L’ONG va même plus loin en estimant que la mort de ces migrants est un choix politique comme en témoignent les politiques de l'UE en matière d'immigration et ses pratiques de contrôle aux frontières destinées à empêcher les réfugiés d'accéder à la procédure d'asile en Europe, ce qui met en danger leur vie. En effet, sur les quatre milliards d'euros affectés aux questions migratoires entre 2007 et 2013, la moitié a servi au contrôle des frontières (1,8 milliard d'euros), et 17% (700 millions euros) seulement à la protection des réfugiés, a révélé un rapport de l’organisation de défense des droits de l’Homme publié mardi dernier.

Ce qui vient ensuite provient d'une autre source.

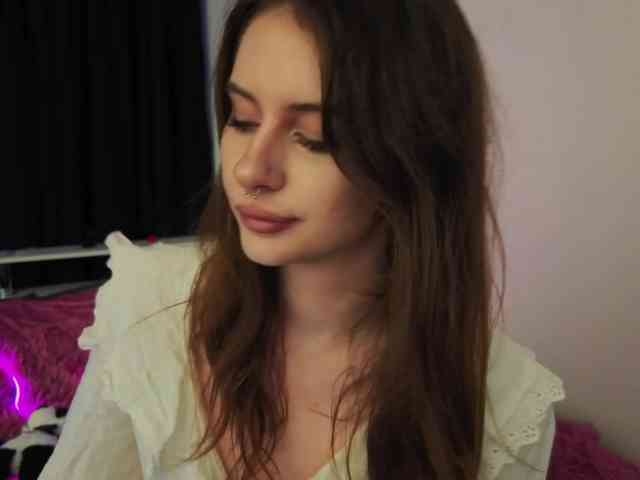 kissnotilt webcam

Des accusations très graves vu que près de 23.000 migrants sont morts noyés dans la Méditerranée depuis 2000 sans parler des centaines de portés disparus. A noter que les six mois de l’année en cours ont enregistré plus de 200 morts. Des réfugiés qui ont de plus en plus de mal à rejoindre l'Europe par voie terrestre et qui prennent de plus en plus souvent les routes maritimes, plus dangereuses, vers la Grèce ou l'Italie.

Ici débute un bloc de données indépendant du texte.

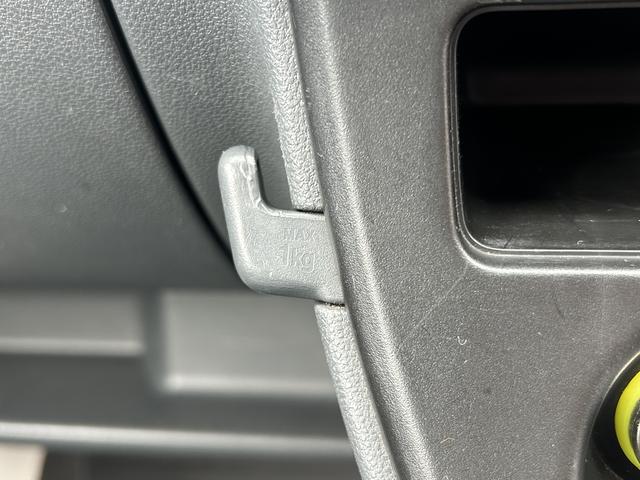 ハイゼットカーゴDX  ラジオ保証 まごころ保証 1年間・走行距離無制限付き(東京都)の中古車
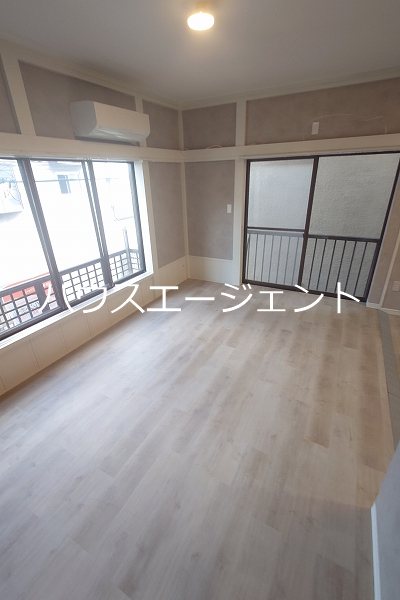 一之江1丁目戸建  その他22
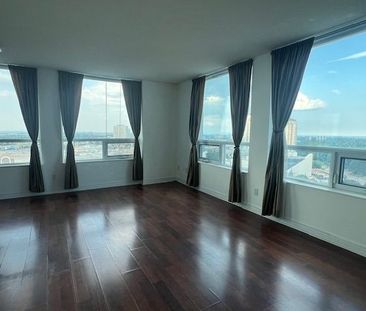 For Lease - 83 Borough Drive Unit# 1912, Toronto, Ontario - Photo 2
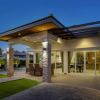 Отель Orchid Paradise Homes 401, фото 1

"L'Espagne a reçu 32 fois plus d'argent pour sécuriser ses frontières, plutôt que pour protéger ses réfugiés. Le problème, c'est que lorsque l'on sécurise de façon aveugle ses propres frontières, on ne protège plus personne, on ne prend plus en compte le caractère individuel des situations de ces migrants, on ne les envisage que comme une masse menaçante contre laquelle il faut réagir", explique Jean François Dubost, responsable du programme réfugiés et migrants, cité par France-info.
Une situation absurde d’autant plus que « près de la moitié des personnes qui essaient de pénétrer irrégulièrement sur le territoire de l'UE fuient des situations de conflit dans des pays comme la Syrie, l'Afghanistan, l'Erythrée ou la Somalie » et que l’Union européenne a le devoir de les accueillir en vertu du droit international d'asile, a précisé le rapport.

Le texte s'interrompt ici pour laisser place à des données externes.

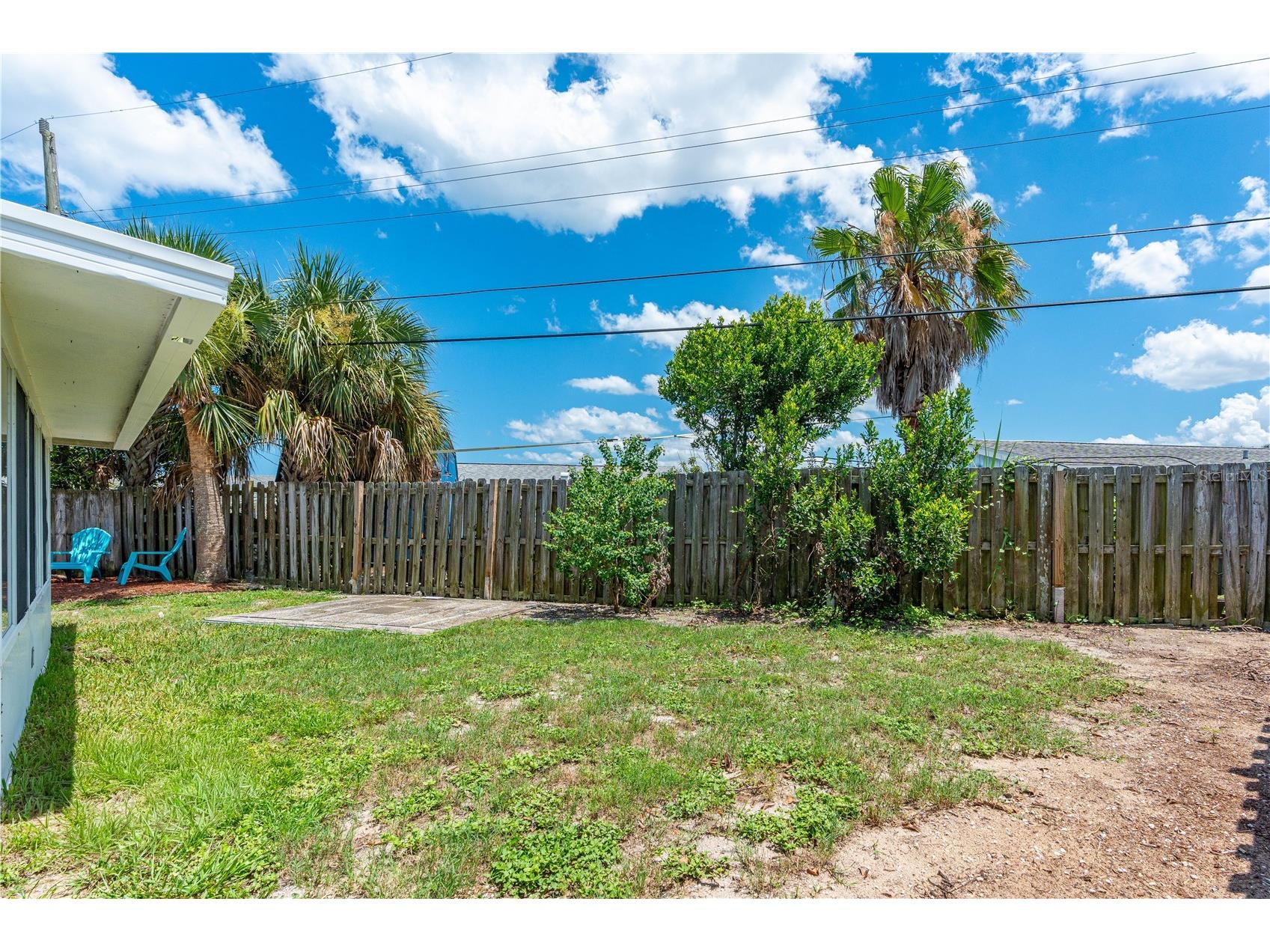 28 Beechwood Drive Ormond Beach FL 32176 V4949749 image4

Amnesty International a, par ailleurs, dénoncé les politiques européennes visant à créer des « zones tampon » dans des pays voisins tels que la Turquie, le Maroc et la Libye dont l'objectif est de « bloquer les migrants et les réfugiés avant même qu'ils n'atteignent les frontières de l'Europe ». Pis, l’UE est accusée de « fermer les yeux » sur les violations des droits de l'Homme dont sont victimes les migrants comme en attestent les opérations de refoulement immédiat de ceux qui sont parvenus à gagner les frontières européennes. Amnesty International a recensé des cas de renvoi sommaire et en violation du droit d'asile par la Bulgarie et la Grèce, où cette pratique est "très répandue".
L'ONG a cité également le drame de 14 migrants qui avaient perdu la vie en février 2014 au large du préside occupé de Sebta, après avoir été la cible des balles à blanc et des gaz lacrymogènes tirés par les éléments de la Guardia civil.
Que demande donc Amnesty ? Elle exige des pays européens de cesser cette dissuasion aveugle et de mettre en place des visas provisoires pour les demandeurs d’asile depuis un pays de transit pour éviter d'autres drames. L’ONG estime que la mort de ces personnes n’est pas une fatalité comme en témoigne l’exemple de l'Italie, qui, après le drame de Lampedusa en octobre 2013, a mis en place une opération de sauvetage dénommée Mare Nostrum.